P=NP Problem Linked To The Quantum Nature Of The Universe - kentuckyfc
https://medium.com/the-physics-arxiv-blog/7ef5eea6fd7a

======
danpalmer
I wonder then how this reconciles with the theories that the universe is in
fact being simulated in a computer.

It sounds like a crazy theory, and quite possibly is, but it's a thought
experiment, or at least an idea that I've seen physicists come back to time
and time again. Apparently it's a distinct possibility, and would actually fit
very well with a few recent discoveries about the nature of fundamental laws.
(Note I'm writing this from a layman's point of view, I know very little about
this subject.)

This discovery, if true, might imply that, if the universe is being simulated
in a computer, it might be a P≠NP might be a fundamental law of the meta-
universe, or a property of the computer itself, maybe even an optimisation,
and that over a certain size of object, it stops calculating quantum states.

This link might not exist, I might just be failing to understand the theories
involved, but I find it an interesting thing to think about nonetheless.

------
robitor
I don't understand the connection made here, because calculating the quantum
state is NP-hard and is very time consuming, the object cannot exist in the
universe? How is that preventing the macroscopic system from existing? How
does the complexity class have anything to do with the real world?

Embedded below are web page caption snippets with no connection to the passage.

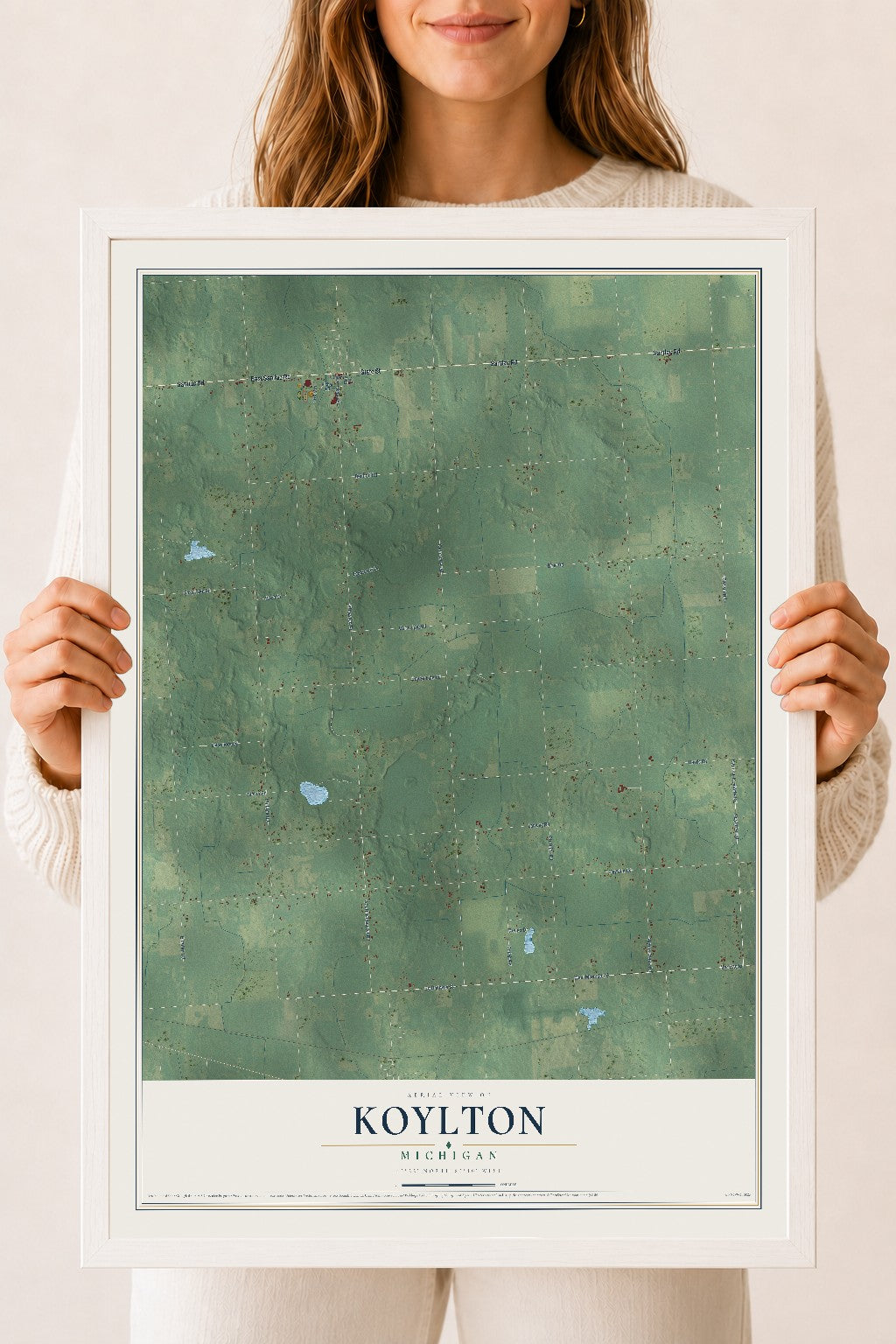 Map of Koylton, Michigan, 18 x 24 inch print in a white wood frame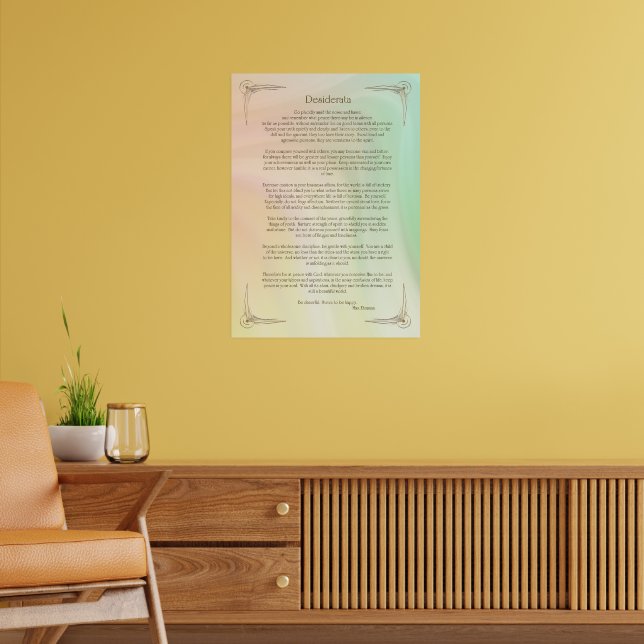 Affiche du poème Desiderata de Max Ehrmann (Salon 2)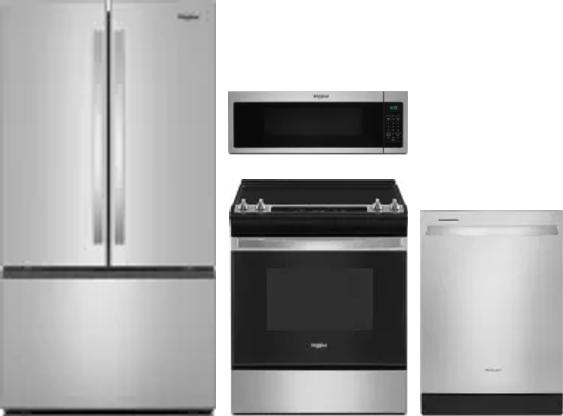 4 Piece Package Includes Refrigerator, Range, Microwave And Dishwasher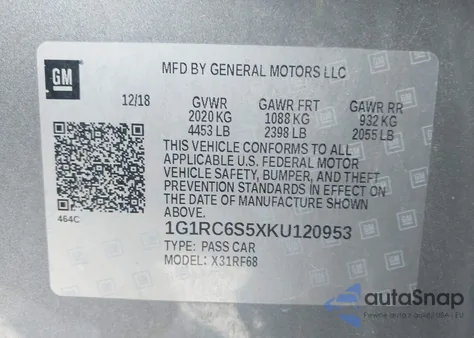 2019 Chevrolet Volt Lt из США, поврежденный, VIN 1G1RC6S5XKU120953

For example, a shortest path problem in the real world does not have any use
for complexity theory: [http://www.johnmurray.io/log/2012/07/10/Real-World-
Shortest-...](http://www.johnmurray.io/log/2012/07/10/Real-World-Shortest-
Path.md)

------
Houshalter
This strikes me as completely wrong. Who is to say there is an upper limit on
how big the computer running the universe can be, or that it has to be Turing
complete?

And why on Earth would that imply the laws of physics would work differently
at different scales. "Scale" is just an abstraction we use to make sense of
things, not a fundamental property of the universe (so far as I know.) If you
zoom out of Conway's game of life enough, everything looks completely
different as if it was operating by a different set of rules.